Creepin’ & Crawlin’

After reading the review of a cutting-edge San Francisco restaurant I was wondering about the meaning of “ramp.” I went to the dictionary on my computer. (I’m using the latest Macintosh operating system which has the pretty decent New Oxford American
Dictionary. Unfortunately, there wasn’t a listing for ramp the food, but there was for “a slope or inclined plane for joining two different levels…”

Ta da! The example for the inclined plane was “a wheelchair ramp.” What a surprise. It’s like seeing a disability story on the front cover of the New York Times Magazine. I think it’s a pretty good indication of our influence over the past 35 years. The way I read it, the dictionary assumes that everyone will know what a “wheelchair ramp” is. There’s something enormously satisfying to see the validation by a reputable dictionary.

One of the things I like about Oxford dictionaries is the etymology. According to the American, ramp comes from the Old French word “ramper” meaning to creep or crawl. What? This is getting interesting. We get wheelchairs, stop crawling, pass laws requiring ramps, but have a connected to our former state.

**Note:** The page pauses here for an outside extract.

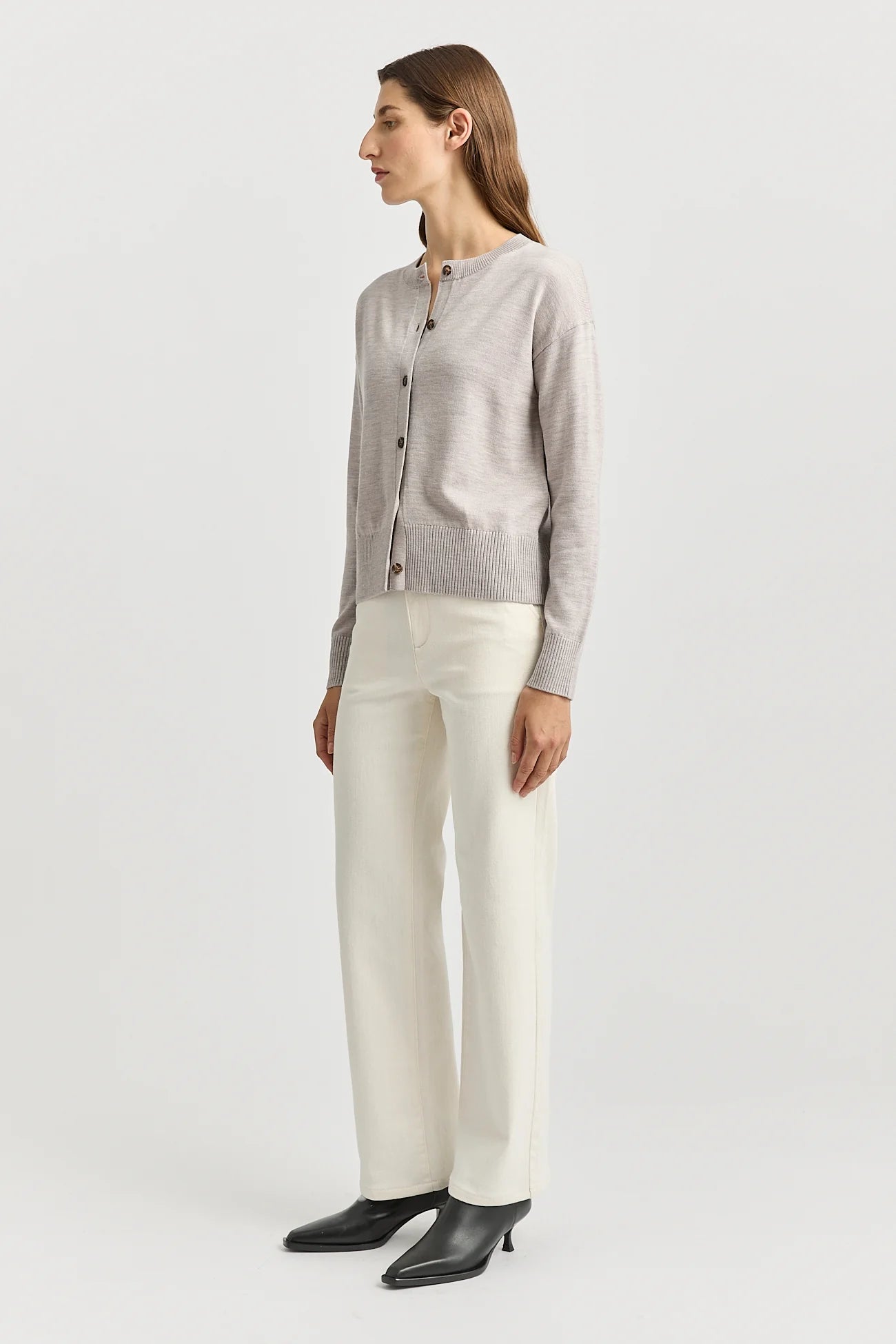 Fine Knit Cardigan in Light Oat
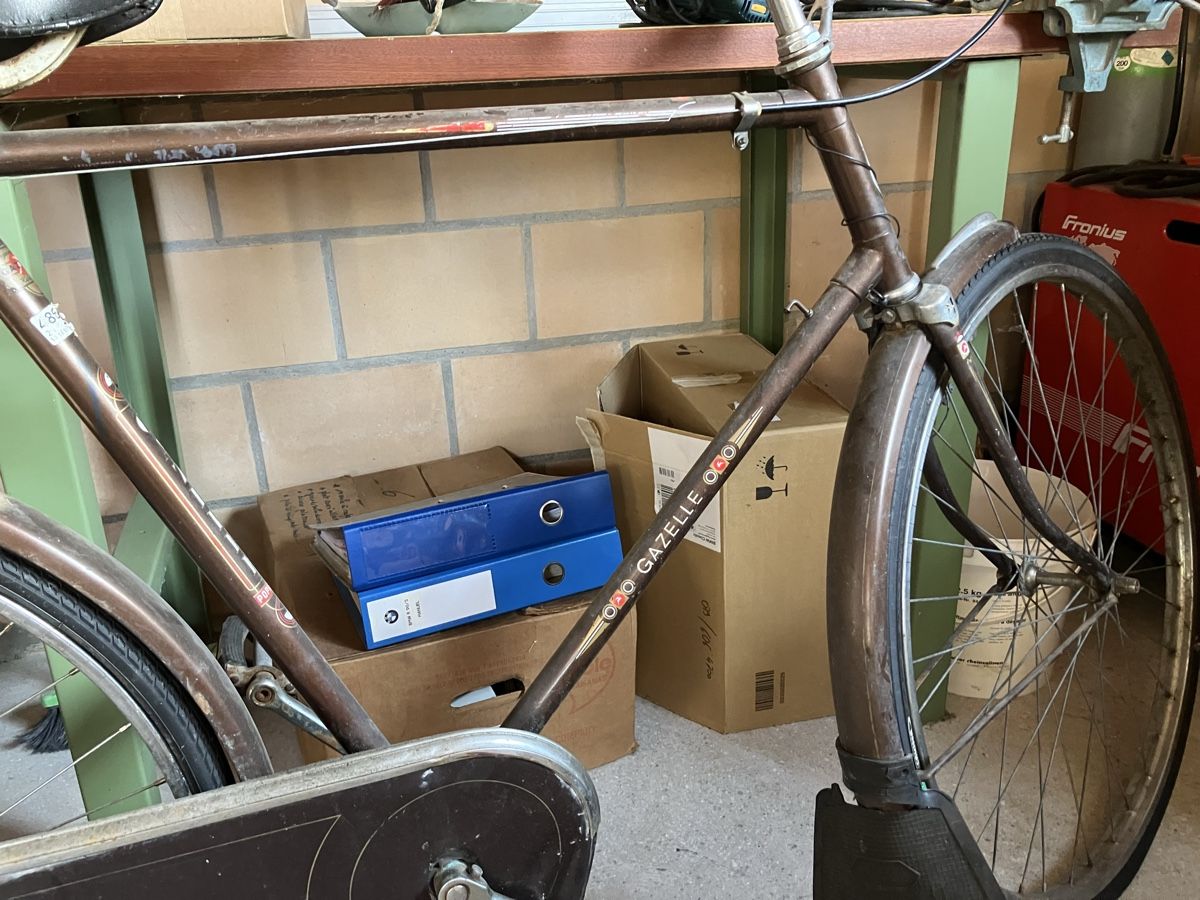 Velos: Velo – Defekt aus Beromünster von iaf_8rr9 1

OK, this is getting serious. According to this dictionary “cripple” come from the Old English words crypel and crēopel, which are both of Germanic origin and related to creep. I find this coincidence surprising—I’ll leave it to the hard core word people to sort this out.
Under the listing for cripple the Oxford Dictionary has advice for the use of the word. This, more than the ramp example, shows how far we’ve come.

USAGE The word cripple has long been in use to refer to ‘a person unable to walk due to illness or disability’ and is recorded as early as ad 950. In the 20th century, the term acquired offensive connotations and has now been largely replaced by broader terms such as ‘disabled person.’

That’s amazing. The newspaper style books have been saying the same things for years, but I’ve never seen a mainstream, public warning that’s this explicit. I’m encouraged.